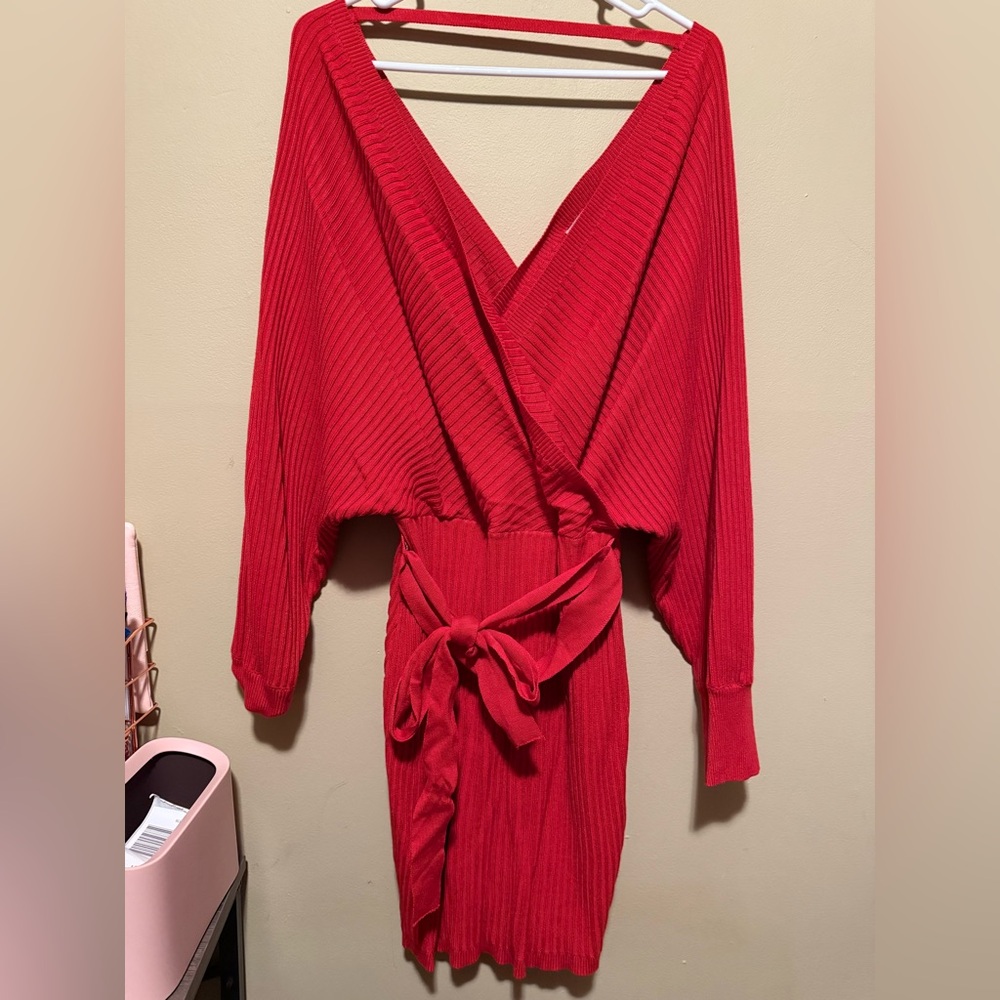 Red off shoulder dress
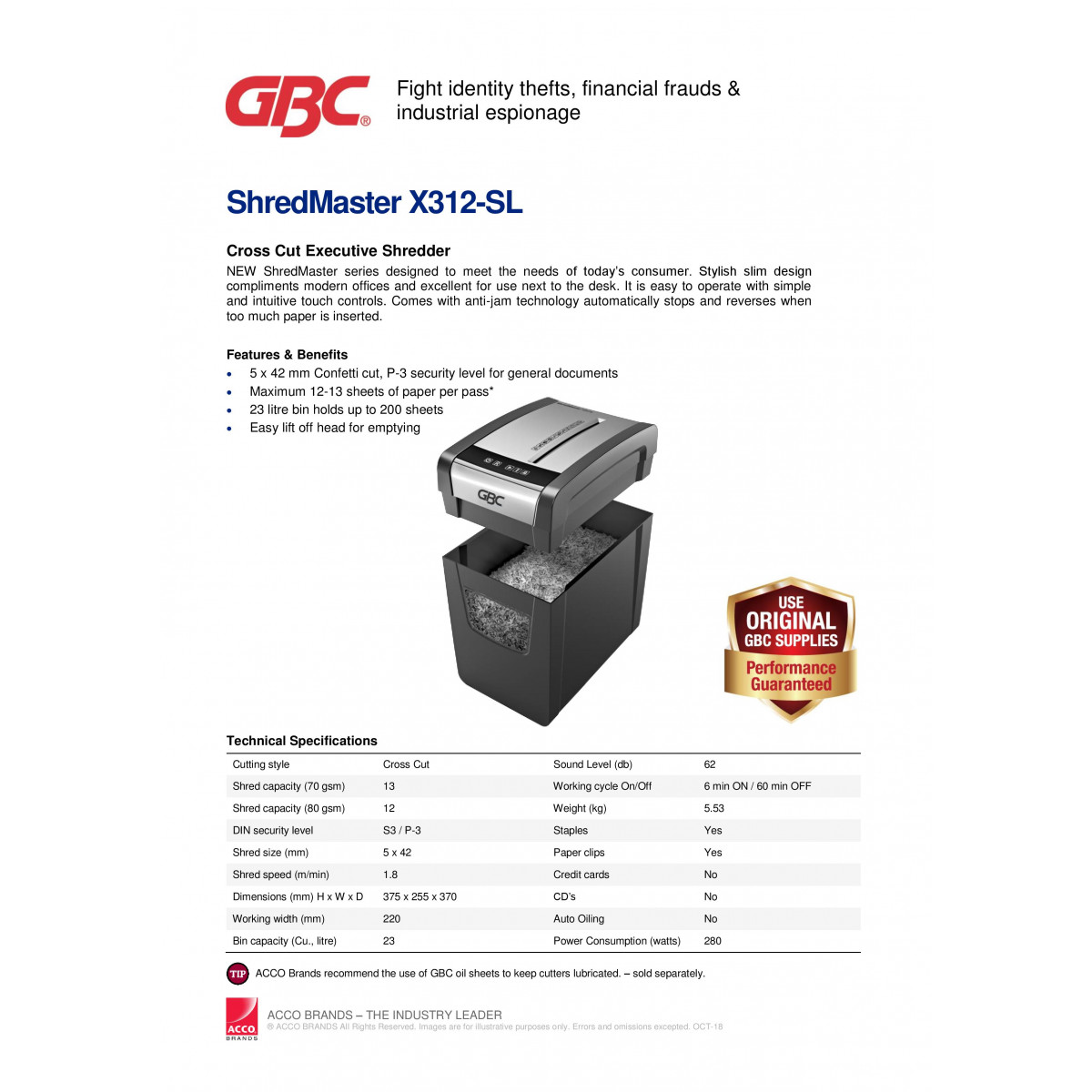 เครื่องทำลายเอกสาร ตัดเป็นชิ้นเล็ก GBC ShredMaster X312 (Cross Cut) - Image 3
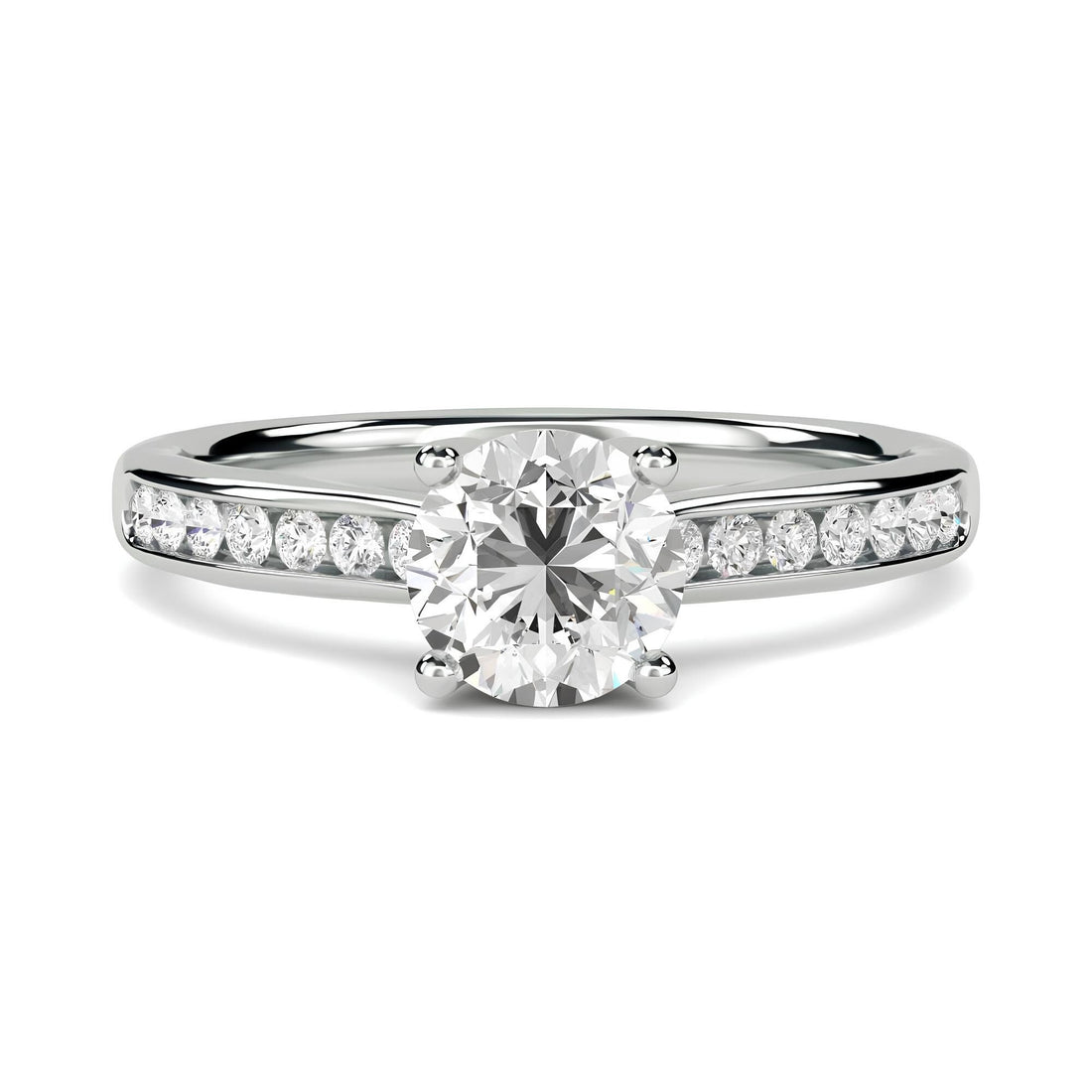 1.00 TCW Round Cut EF VS/SI Lab-Grown Diamond Ring – Platinum Engagement or Wedding Band for Women, Anniversary Gift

- [Task to carry out]: Would you set down the listing exactly, omitting pictures?

- [Answer section]:
 Red off shoulder dress
 เครื่องทำลายเอกสาร ตัดเป็นชิ้นเล็ก GBC ShredMaster X312 (Cross Cut) - Image 3
 1.00 TCW Round Cut EF VS/SI Lab-Grown Diamond Ring – Platinum Engagement or Wedding Band for Women, Anniversary Gift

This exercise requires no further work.